KEBUMEN. Ketua MPR RI Bambang Soesatyo atau Bamsoet mengajak seluruh umat beragama di Indonesia untuk menjaga soliditas kebangsaan. Hal ini disampaikannya saat mengadakan sosialisasi “Empat Pilar Kebangsaan” di hadapan warga Lembaga Dakwah Islam Indonesia (LDII) Kebumen, Jawa Tengah, pada Jumat (19/1/2024).
Empat Pilar Kebangsaan adalah Pancasila, Undang-Undang Dasar 1945, Bhinneka Tunggal Ika, dan Negara Kesatuan Republik Indonesia. Sosialisasi ini bertujuan untuk meningkatkan pemahaman dan pengamalan nilai-nilai kebangsaan di tengah masyarakat.

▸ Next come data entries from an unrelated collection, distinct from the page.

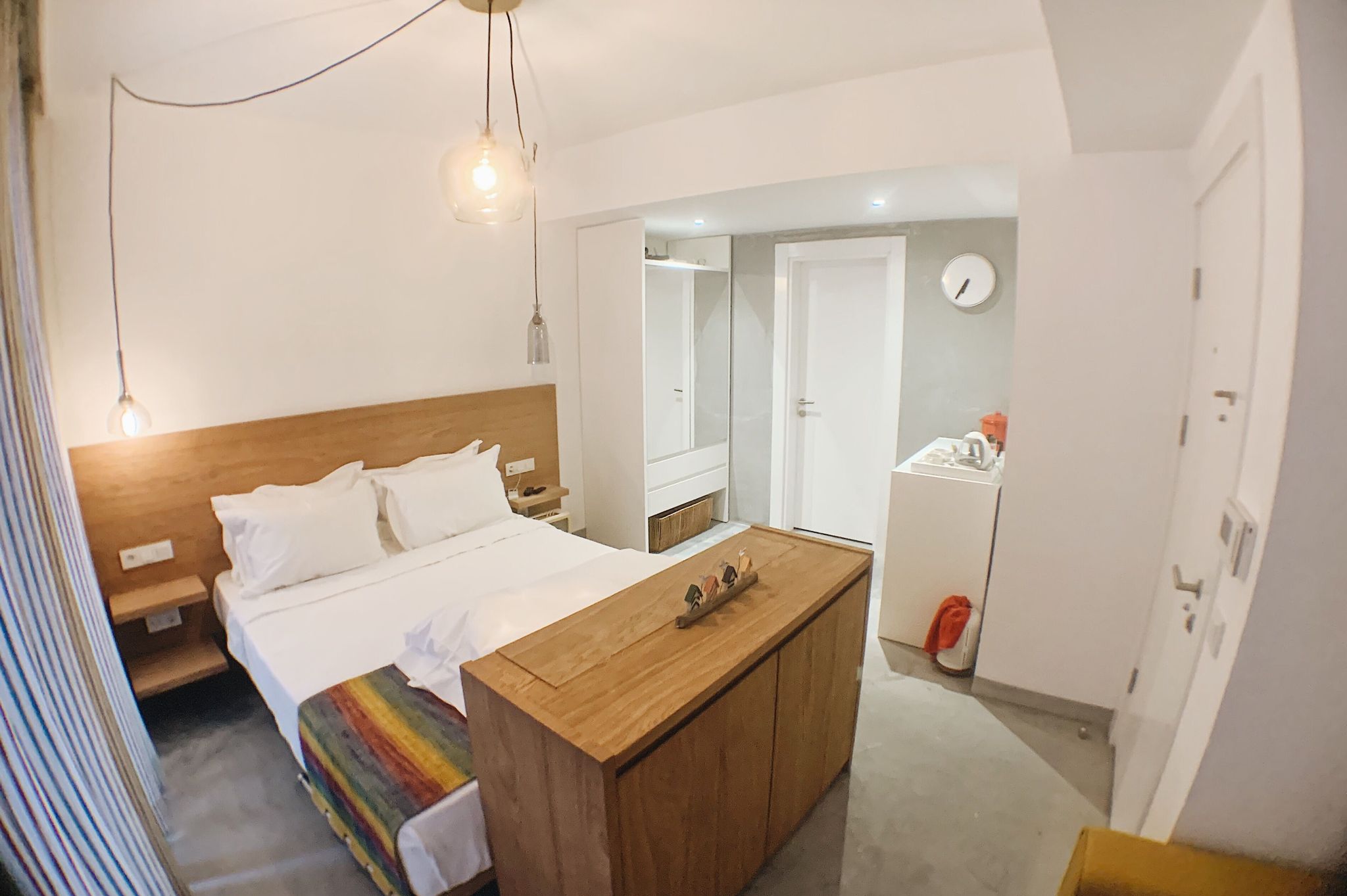 Standart Room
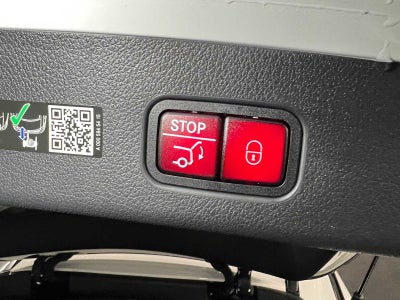 2026 Mercedes-Benz GLC AMG® GLC 43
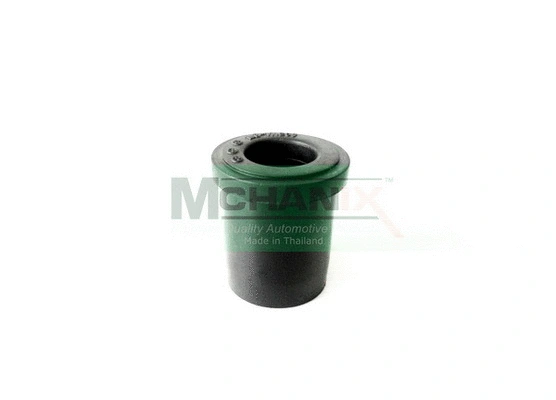 Bushing, leaf spring (MTLSB-003)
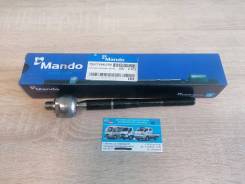    Mando Solaris/Rio (11-17) Hyundai [577244L090] 57724-4L090 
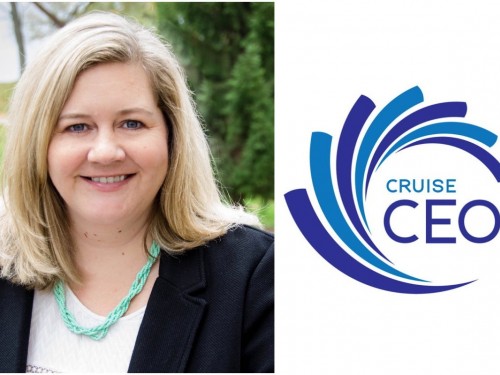 “We want to grow”: TPI team launches cruise-focused host agency “Cruise CEO”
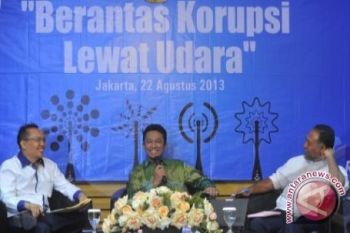 Calo Berkeliaran Dalam Pelayanan Publik Bandarlampung 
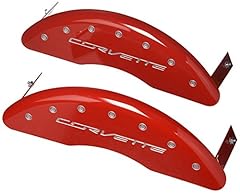 Mgp caliper covers gebraucht kaufen  Wird an jeden Ort in Deutschland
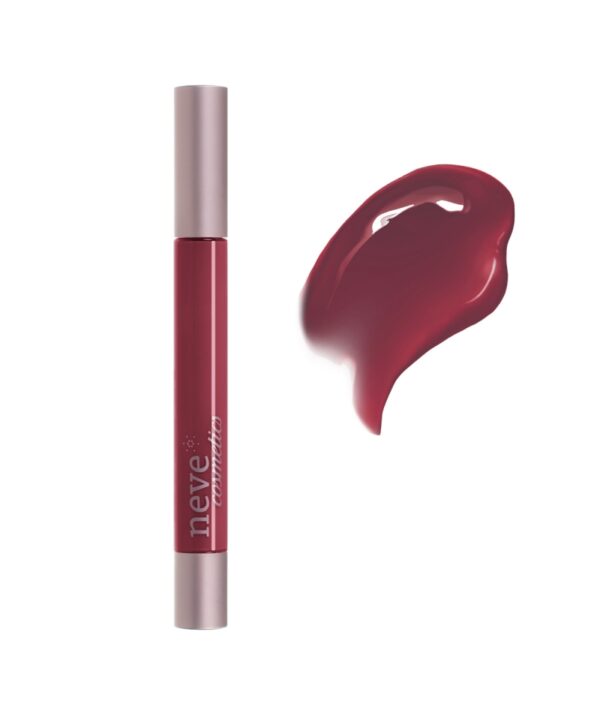 GLOSS BLESSED SOUL | NEVE COSMETICS
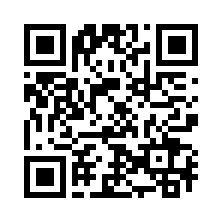 QR Code for 1JMs1Lt9Ww2N9d41piP7tpHcbviZ6rDSgJ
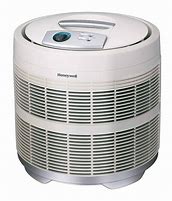 Image result for Home HEPA Air Purfier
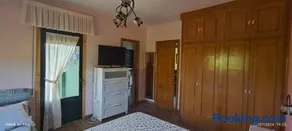 Casa Mercedes - Image 5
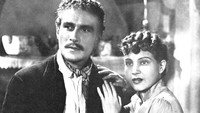 «La fossa degli angeli (1937)» — обои к фильму #1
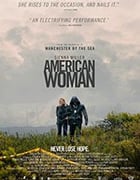 [美国女人][BD-720P/1080P-MP4][英语中字][豆瓣6.8分][2.31GB/5.69GB][2019]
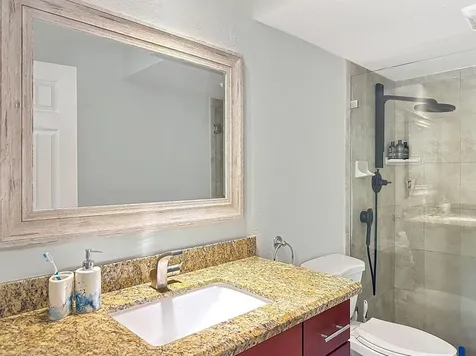 5232 NE 6th Avenue Fort Lauderdale FL 33334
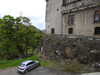 20210523124044-DSCN8253.JPG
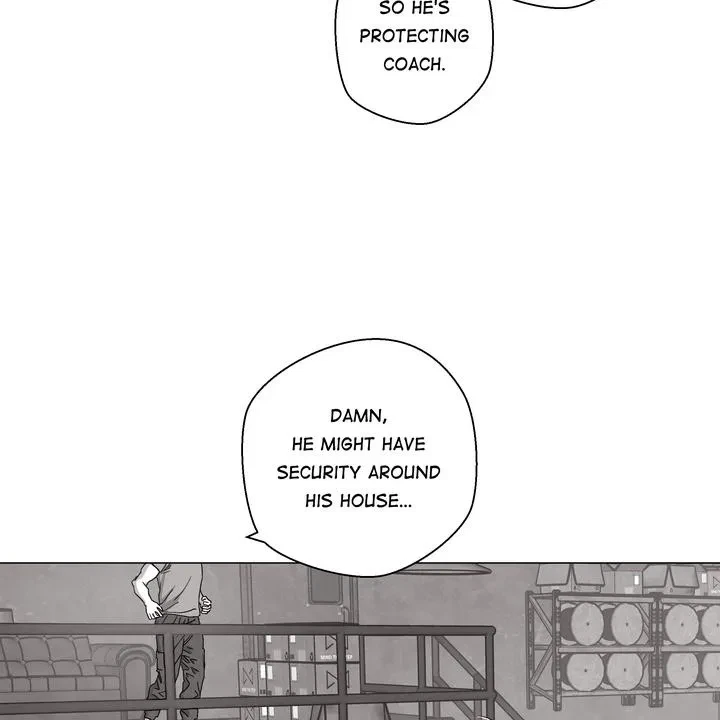Chapter 29, page 68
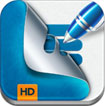MagicalPad for iPad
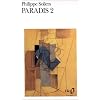 Paradis, tome 2
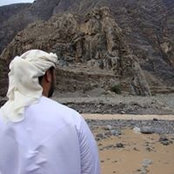Foto de علي الحسلماني
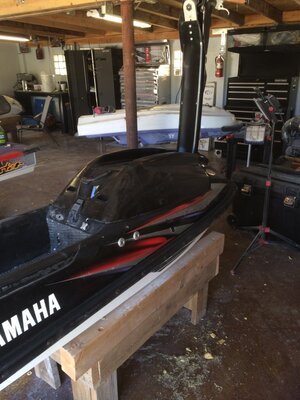 photo 1-1.JPG photo 1-1.JPG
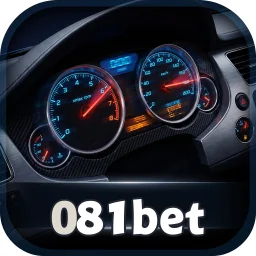 081BET — ikon APK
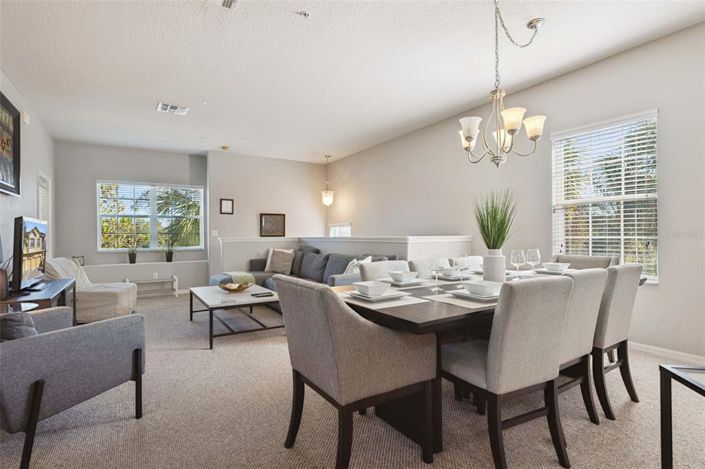 Image No.9-3 Bed Apartment for sale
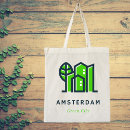Search for dutch bags Europe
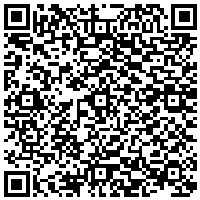 QR Code for bitcoin:bitcoin:bitcoin:bitcoin:bitcoin:bitcoin:bitcoin:bitcoin:bitcoin:bitcoin:bitcoin:bitcoin:bitcoin:bitcoin:bitcoin:litecoin:MScLLt5Jz3JBuvqmCrm3JpPVevwYnpEyP6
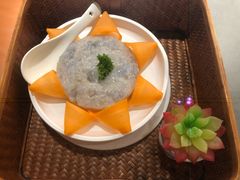 -骨之味·筒骨汤火锅(江头店)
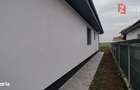 Duplex 3 camere de vanzare in Sacalaz- Zona de Est - 2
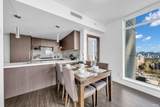 6538 Nelson Avenue - Photo 10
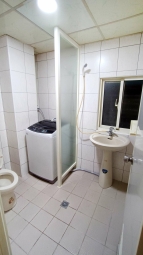 蝦皮電梯套房 家具全 本棟住宿環境佳 不看後悔（第8張）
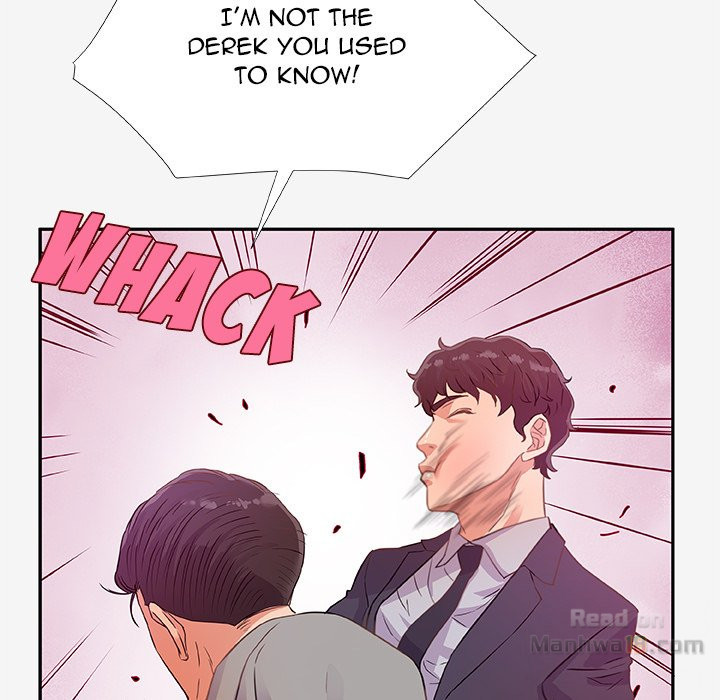Alumni Chapter 13 image 44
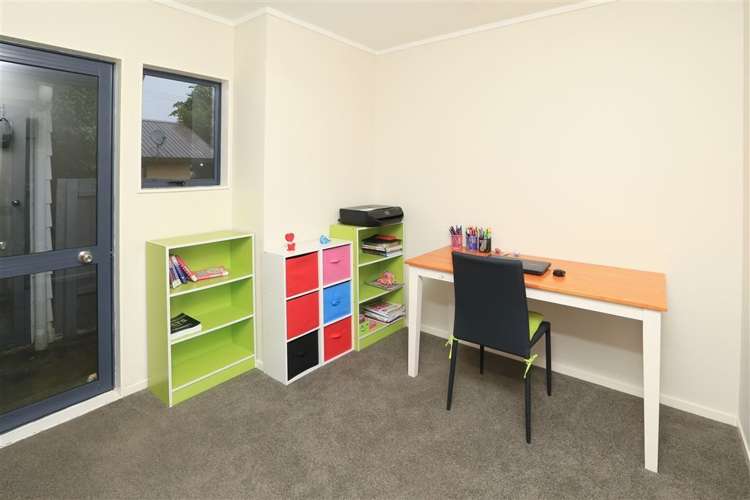 35a Mardon Road Enderley_10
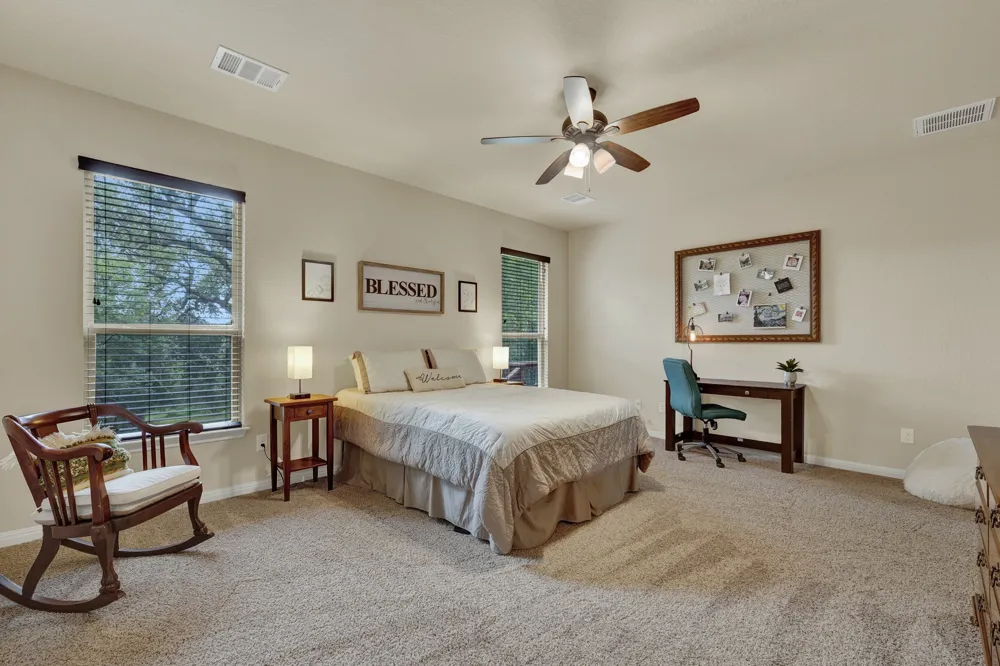 1937 HUNTERS CV New Braunfels, TX 78132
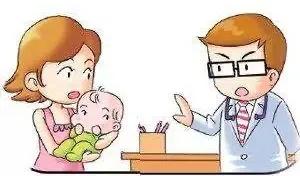 小儿腹泻怎么有效解决,小儿腹泻怎么治疗最快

Bamsoet didampingi oleh Ketua Dewan Pengurus Wilayah (DPW) LDII Jawa Tengah Singgih Tri Sulistiyono dan jajaran Dewan Pengurus Daerah (DPD) LDII Kabupaten Kebumen. Acara ini juga dihadiri oleh Wakil Bupati Kebumen Ristawati Purwaningsih, Ketua Dewan Penasehat LDII Kebumen Agus Septadi, Ketua LDII Kebumen Gunardi dan Sekretaris LDII Kebumen Hadi Purwanto.
Indonesia, Bangsa yang Majemuk dan Heterogen
Dalam sambutannya, Bamsoet menekankan pentingnya menjaga soliditas kebangsaan mengingat Indonesia merupakan bangsa yang sangat majemuk dan heterogen. Ia mengatakan, tanpa wawasan kebangsaan yang memadai, bangsa Indonesia tidak akan memiliki soliditas kebangsaan, sehingga akan mudah tercerai-berai.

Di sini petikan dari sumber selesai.